Sunday, September 09, 2007

The Week Ahead

Japan is struggling.
The Nikkei dropped 2.1%. It was no doubt rattled by the weak US market, but I think it was more rattled by the combination of a weakening dollar and a GDP revised to a negative 0.3% for the quarter. A weakening economy with a strengthening currency is not a good thing.
In fact, the Nikkei is down 14% in the past 6 months.

The reality is that Japan depends on dollar denominated exports and currency fluctuations affect earnings. The yen has risen ~5% in 1 month, and that reduces the value of repatriated earnings.

Asian stocks all suffered: South Korea (down 3.7%), Singapore (down 2.6%), Australia (down 2.1%)

That is really why the pullback is happening.

But the US markets may respond to the weakness without much thought.

Look, we are heading to a recession. The first wave is already hitting lenders and homebuilding related sectors. The next wave will hit retailers and consumer products. But the waves will break up after that.

So there are several ways to play this
1. Option straddles to bank on the volatility
2. Exit
3. Contrarian investing: invest in companies that do well in downturns
4. Invest in 'recession proof' stocks (healthcare, food, oil, etc)
5. Stay multinational - growth in emerging countries will continue

I favor #3, #4, and #5. Most of our stocks are taking advantage of global oil demand, ongoing healthcare demand, global infrastructure demand. Only 2 stocks buck this trend: TRID and NUAN. Of these, TRID is th eonly one exposed to a sudden and significant slowdown in consumer spending.
TRID is an investment in two things: massively undervalued growth and global TV demand.

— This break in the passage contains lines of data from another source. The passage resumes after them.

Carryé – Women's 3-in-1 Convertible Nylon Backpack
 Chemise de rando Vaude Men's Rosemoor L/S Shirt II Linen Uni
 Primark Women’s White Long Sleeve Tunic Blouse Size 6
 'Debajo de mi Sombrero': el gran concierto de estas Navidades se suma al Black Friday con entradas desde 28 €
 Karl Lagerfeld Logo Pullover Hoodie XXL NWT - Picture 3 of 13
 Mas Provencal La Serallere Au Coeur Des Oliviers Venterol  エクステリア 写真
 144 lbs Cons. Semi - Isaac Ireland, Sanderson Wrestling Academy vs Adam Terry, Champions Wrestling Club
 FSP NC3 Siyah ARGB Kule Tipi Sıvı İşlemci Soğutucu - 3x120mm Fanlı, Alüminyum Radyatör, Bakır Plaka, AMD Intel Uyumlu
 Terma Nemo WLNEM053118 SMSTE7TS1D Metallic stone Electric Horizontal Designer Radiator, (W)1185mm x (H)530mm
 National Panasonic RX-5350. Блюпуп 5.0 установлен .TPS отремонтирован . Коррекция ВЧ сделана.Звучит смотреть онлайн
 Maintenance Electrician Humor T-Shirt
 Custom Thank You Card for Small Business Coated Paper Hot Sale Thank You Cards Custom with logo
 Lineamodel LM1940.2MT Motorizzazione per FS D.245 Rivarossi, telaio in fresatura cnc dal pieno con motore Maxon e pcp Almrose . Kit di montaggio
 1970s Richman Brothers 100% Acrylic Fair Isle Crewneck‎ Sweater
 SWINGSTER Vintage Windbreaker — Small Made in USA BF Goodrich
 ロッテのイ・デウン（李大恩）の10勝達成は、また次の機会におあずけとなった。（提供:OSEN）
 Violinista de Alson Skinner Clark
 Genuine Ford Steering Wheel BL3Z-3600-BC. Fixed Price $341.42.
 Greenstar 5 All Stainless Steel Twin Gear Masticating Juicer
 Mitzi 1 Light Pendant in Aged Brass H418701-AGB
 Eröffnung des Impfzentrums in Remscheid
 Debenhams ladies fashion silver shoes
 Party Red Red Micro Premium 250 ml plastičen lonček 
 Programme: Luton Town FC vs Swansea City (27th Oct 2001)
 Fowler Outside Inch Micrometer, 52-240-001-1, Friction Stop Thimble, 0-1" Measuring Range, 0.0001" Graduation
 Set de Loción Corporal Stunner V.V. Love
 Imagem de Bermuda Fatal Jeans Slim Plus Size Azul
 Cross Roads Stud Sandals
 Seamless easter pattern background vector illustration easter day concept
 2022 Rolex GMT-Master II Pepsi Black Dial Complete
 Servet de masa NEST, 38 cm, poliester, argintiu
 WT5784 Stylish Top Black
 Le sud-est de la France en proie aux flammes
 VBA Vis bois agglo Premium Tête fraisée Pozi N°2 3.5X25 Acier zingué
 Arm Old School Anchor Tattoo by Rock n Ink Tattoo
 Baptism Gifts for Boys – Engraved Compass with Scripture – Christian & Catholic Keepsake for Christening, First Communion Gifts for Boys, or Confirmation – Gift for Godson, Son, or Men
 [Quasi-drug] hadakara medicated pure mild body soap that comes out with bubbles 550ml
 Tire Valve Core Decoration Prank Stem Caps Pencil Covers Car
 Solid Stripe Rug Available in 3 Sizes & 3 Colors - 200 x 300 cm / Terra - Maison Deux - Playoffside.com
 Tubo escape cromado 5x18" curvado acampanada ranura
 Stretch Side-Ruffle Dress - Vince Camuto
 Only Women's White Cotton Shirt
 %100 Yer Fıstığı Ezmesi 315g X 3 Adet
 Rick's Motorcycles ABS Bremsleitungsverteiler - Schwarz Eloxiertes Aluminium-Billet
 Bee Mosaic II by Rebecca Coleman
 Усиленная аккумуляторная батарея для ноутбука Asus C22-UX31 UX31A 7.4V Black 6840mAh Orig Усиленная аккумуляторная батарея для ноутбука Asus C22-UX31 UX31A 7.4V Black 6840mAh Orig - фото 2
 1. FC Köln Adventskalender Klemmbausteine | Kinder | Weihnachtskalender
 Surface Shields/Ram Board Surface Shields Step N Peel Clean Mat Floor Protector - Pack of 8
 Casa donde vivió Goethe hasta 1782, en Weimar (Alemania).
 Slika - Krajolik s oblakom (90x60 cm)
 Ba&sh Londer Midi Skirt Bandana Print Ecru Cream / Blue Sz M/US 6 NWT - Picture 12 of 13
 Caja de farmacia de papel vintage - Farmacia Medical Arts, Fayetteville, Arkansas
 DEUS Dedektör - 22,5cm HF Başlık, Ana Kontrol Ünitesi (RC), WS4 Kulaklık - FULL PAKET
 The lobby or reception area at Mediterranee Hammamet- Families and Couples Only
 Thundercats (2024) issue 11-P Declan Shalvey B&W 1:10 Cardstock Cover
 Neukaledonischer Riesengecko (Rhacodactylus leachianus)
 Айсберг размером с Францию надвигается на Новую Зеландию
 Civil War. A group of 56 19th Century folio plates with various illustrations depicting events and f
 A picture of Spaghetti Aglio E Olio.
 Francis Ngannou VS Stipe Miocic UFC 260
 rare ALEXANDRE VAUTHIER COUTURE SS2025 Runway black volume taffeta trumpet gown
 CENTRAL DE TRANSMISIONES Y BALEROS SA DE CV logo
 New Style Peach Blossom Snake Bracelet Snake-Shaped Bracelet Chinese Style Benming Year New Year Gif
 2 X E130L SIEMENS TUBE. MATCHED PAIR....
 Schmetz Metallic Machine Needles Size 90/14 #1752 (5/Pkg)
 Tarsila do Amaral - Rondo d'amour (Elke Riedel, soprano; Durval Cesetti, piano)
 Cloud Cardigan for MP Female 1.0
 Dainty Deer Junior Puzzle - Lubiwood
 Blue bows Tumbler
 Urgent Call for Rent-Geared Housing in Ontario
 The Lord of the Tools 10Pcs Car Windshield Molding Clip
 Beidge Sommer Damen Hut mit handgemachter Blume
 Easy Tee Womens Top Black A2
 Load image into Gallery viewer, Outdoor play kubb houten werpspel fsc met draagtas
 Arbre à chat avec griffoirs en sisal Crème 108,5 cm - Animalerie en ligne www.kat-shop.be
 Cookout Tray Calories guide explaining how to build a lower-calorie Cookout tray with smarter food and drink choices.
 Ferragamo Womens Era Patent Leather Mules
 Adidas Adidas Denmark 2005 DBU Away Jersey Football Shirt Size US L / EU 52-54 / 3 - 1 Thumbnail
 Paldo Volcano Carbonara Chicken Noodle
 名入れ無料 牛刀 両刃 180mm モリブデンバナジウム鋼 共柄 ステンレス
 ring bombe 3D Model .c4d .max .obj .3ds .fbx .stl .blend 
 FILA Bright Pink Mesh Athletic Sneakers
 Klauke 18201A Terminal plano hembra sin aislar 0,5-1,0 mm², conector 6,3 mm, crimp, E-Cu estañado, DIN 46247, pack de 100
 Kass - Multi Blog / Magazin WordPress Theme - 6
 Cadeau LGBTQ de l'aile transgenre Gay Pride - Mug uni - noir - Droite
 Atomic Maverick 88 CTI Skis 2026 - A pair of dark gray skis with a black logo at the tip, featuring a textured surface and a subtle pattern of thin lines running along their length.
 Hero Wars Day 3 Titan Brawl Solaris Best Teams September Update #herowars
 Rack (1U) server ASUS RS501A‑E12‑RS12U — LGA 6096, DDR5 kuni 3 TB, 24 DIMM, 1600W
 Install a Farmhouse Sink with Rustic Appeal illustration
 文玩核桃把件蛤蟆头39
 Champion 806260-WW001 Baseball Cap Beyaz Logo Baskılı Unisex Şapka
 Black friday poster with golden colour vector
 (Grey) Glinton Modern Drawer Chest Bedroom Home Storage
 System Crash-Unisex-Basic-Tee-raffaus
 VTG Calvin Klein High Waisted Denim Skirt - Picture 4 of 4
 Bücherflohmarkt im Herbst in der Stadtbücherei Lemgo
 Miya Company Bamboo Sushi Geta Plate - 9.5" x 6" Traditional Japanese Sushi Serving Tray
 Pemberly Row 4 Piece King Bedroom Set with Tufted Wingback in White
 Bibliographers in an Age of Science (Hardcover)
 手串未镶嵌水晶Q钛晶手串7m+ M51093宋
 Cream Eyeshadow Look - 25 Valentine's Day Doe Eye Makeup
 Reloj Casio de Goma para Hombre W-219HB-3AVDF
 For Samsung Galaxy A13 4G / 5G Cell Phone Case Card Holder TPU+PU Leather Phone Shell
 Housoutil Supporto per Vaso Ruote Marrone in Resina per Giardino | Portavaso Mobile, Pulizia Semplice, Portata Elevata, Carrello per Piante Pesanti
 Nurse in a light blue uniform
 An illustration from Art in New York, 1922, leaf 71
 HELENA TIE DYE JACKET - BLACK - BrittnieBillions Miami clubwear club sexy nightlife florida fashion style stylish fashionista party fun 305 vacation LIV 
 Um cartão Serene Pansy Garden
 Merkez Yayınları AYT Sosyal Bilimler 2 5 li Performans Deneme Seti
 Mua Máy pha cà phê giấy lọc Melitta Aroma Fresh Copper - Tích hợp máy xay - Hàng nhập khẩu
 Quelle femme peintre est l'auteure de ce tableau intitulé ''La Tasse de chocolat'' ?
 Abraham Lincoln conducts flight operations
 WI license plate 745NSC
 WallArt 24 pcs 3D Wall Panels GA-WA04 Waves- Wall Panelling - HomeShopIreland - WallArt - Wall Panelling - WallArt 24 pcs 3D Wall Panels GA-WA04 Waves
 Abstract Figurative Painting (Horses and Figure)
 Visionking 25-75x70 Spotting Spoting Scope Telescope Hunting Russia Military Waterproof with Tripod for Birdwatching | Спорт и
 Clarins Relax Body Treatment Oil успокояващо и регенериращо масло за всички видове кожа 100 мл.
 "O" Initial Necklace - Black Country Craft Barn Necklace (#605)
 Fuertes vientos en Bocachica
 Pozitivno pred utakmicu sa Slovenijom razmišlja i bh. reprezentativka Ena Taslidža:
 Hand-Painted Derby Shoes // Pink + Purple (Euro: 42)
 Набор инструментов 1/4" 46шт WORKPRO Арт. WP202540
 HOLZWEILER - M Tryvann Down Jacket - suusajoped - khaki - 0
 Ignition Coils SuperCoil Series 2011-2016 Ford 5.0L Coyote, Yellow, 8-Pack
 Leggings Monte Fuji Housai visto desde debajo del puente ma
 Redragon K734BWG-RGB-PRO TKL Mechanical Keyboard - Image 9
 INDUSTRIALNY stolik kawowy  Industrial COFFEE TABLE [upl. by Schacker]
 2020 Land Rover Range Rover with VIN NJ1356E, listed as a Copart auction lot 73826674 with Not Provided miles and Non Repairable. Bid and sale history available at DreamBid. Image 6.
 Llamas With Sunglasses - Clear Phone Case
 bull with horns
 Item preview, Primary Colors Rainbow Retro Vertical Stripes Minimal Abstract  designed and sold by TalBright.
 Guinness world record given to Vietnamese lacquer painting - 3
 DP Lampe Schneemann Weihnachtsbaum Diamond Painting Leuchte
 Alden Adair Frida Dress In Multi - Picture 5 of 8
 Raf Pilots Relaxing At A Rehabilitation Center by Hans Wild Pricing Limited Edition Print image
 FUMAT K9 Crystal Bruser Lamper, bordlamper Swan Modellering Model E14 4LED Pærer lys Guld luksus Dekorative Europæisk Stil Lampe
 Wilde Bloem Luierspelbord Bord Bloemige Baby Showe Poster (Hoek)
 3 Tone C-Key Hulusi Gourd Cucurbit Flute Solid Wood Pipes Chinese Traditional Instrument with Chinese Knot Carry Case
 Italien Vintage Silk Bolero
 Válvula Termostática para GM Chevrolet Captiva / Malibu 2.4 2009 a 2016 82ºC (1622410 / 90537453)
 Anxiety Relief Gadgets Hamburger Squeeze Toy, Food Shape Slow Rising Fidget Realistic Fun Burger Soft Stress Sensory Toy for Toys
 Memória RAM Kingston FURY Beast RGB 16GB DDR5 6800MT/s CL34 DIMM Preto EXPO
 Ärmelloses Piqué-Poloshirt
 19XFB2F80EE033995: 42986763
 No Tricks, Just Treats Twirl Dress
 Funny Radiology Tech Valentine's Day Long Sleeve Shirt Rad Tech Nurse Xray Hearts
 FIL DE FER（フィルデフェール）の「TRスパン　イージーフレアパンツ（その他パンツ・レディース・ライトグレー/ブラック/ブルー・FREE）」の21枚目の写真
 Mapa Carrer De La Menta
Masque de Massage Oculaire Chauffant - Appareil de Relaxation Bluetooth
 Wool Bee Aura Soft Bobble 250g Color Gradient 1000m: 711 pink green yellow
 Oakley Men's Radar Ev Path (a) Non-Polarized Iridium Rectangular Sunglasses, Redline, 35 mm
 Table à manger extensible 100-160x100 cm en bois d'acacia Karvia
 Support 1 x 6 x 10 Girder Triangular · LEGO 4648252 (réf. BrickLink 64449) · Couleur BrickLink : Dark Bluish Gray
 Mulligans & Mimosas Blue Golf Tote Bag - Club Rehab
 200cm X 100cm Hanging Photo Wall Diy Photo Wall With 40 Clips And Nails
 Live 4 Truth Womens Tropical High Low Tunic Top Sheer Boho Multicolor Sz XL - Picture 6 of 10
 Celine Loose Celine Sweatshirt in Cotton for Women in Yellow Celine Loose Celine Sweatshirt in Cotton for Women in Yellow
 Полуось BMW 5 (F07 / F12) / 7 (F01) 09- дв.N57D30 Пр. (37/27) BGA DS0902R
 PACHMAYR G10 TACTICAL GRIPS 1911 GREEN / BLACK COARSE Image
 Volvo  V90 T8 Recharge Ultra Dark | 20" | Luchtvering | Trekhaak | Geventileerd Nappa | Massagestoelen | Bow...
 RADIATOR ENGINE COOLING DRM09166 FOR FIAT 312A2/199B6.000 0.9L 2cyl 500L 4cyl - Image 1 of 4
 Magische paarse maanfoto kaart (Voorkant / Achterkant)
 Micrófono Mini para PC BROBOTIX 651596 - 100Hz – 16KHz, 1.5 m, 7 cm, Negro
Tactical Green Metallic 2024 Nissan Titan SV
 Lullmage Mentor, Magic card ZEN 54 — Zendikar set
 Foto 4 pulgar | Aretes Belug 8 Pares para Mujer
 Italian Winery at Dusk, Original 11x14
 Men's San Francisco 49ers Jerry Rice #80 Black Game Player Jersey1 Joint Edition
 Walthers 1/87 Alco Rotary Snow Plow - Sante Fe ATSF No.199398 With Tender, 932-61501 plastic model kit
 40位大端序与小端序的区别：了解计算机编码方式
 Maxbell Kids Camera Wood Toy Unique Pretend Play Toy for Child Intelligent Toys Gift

I think most people have flown and some weak hands may move yet. But I am buoyed by the low volume selling on Friday. Big money already got out, and it will return as we get close to earnings season. The Fed will add some turmoil, but fundamentals will show that certain sectors remain strong.

Also, be aware that this week is a Jewish holiday (Thursday is the Jewish New Year). There are a lot of Jews on Wall Street and many will be out of work. A slow day Thursday preceded by some moves Wednesday (buying or selling).

2 Comments:

Anonymous Anonymous said...

MICC got hit HARD today. I am weary of MICC and TRID -- are we gonna ride through this phase or do you plan to liquidate and re-enter at a lower price?

7:19 AM  
Anonymous Anonymous said...

Andrew, you suppose to be stopped out of TRID today: intraday it touched 13.86 and your stop was at 14. The fact that your largest position is in your biggest looser amazes me. Admit that you were wrong about TRID, close the position and move on.